CHICAGO — UAL Corp., parent of United Airlines, put Chairman and Chief Executive James Goodwin in a television advertisement that began airing Thursday to apologize for flight disruptions at the world's largest airline.
The national apology is part of a campaign by the Chicago-based airline to win back customers after thousands of flight cancellations and delays worldwide in the past several months. In recent weeks, United also has placed newspaper ads and sent letters to customers, offering additional frequent-flier miles and discount coupons.
United began canceling hundreds of flights weekly in April because of crew shortages and, later, due to increased aircraft repairs. The airline blamed the slow pace of contract talks with pilots and with mechanics and others represented by the Machinists union. The employees became increasingly frustrated after missing target dates for agreements.
"There is every indication they are on track toward a Labor Day resolution," said U.S. Transportation Secretary Rodney Slater on Thursday, citing information from a meeting earlier this week with airline executives, including UAL President Rono Dutta.
The airline canceled 114 flights on Thursday and 180 on Wednesday. Of those, 11 Thursday and 53 Wednesday were blamed on bad weather. Those cancellations are in addition to a 3 percent reduction in the airline's daily schedule of 2,400 flights through October.
In the television ad, Goodwin explains the difficulties the airline has faced and what United is doing to stem the flight disruptions. The TV spot will air on national networks and cable outlets through next week. The airline didn't say how much the ad campaign will cost.

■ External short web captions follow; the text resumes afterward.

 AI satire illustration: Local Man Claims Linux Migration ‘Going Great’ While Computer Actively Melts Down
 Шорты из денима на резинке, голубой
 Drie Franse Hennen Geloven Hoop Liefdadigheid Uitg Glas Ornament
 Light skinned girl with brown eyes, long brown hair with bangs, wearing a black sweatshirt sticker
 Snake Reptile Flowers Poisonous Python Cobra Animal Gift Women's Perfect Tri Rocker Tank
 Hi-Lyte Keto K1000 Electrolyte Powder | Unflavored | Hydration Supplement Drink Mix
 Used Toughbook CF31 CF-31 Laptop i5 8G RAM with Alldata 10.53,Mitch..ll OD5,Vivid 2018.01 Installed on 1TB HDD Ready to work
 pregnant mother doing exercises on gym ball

The airline and the pilots have said that they hope to reach agreement on a new contract by Sept. 4, the Labor Day holiday in the United States. The Air Line Pilots Association, which represents about 10,000 United pilots, said last week that negotiations had moved to the last two sections of the contract, pay and job protection. Those issues are the most difficult, the union said.
The pilots increasingly have turned down overtime assignments and began calling in sick more often since the company and their union failed to reach a contract agreement by April 12, the date on which their contract became amendable.

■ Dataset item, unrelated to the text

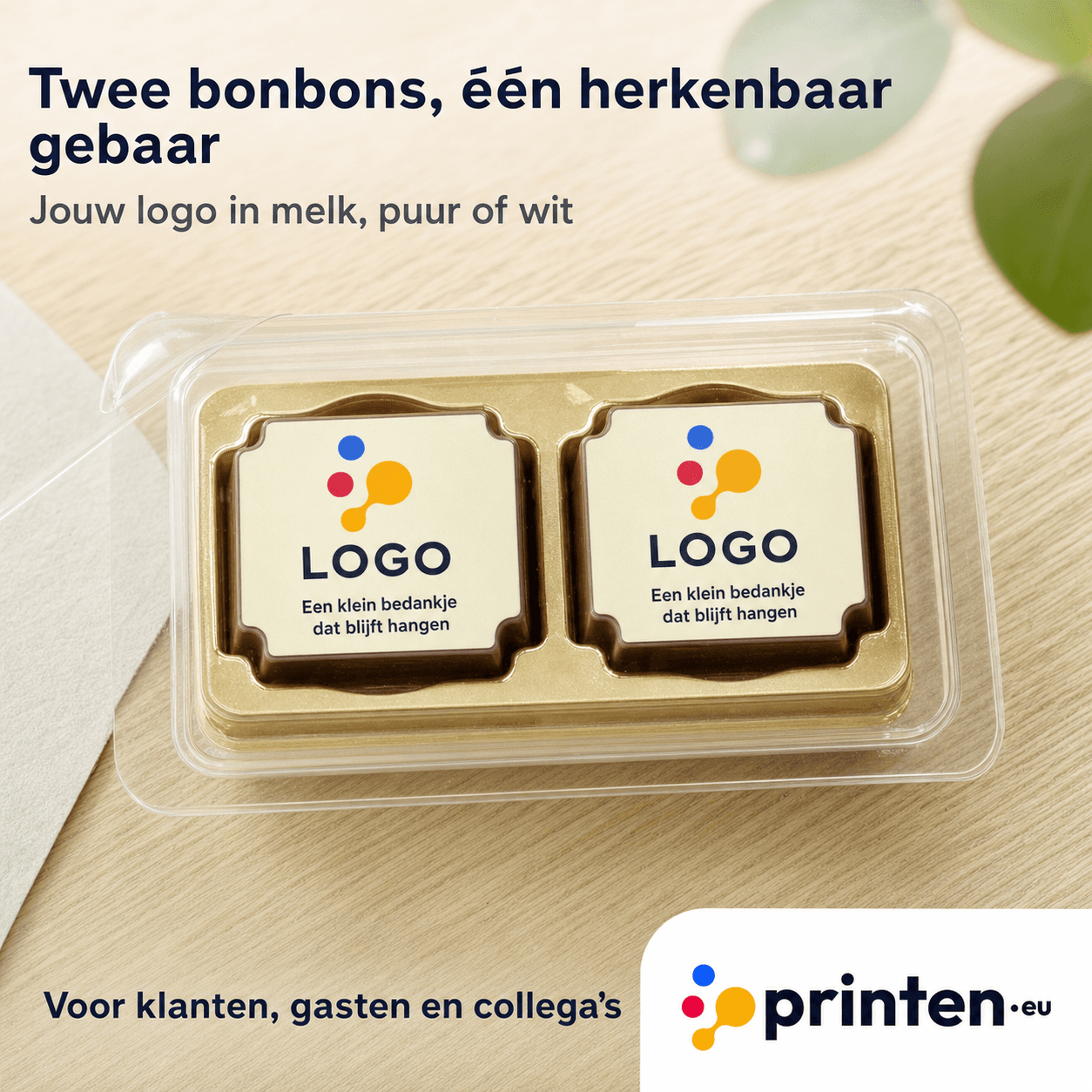 2 Logo-Pralinen aus Schokolade in Klarsichtbox - productafbeelding 1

The pilots' pay was raised back to 1994 levels on April 12 as a result of provisions in their current contract, negotiated in 1994 when they gave up wage increases for UAL stock because of the airline's weak financial condition.
The Machinists, which represent about 44,000 United mechanics, ramp workers and other employees, expected to reach a new contract with the company by July 12. Many of these workers also are being paid at 1994 levels because their 1994 contract agreement also provided UAL stock for pay cuts.
Last week, the company began mandating overtime for some mechanics and workers in related jobs because of a backlog of aircraft repairs in some cities such as Chicago, Indianapolis and Portland, Ore. The carrier also suspended 36 mechanics last week who had called in sick earlier in the week and weren't able to substantiate their illness.
UAL employees own about 55 percent of the company.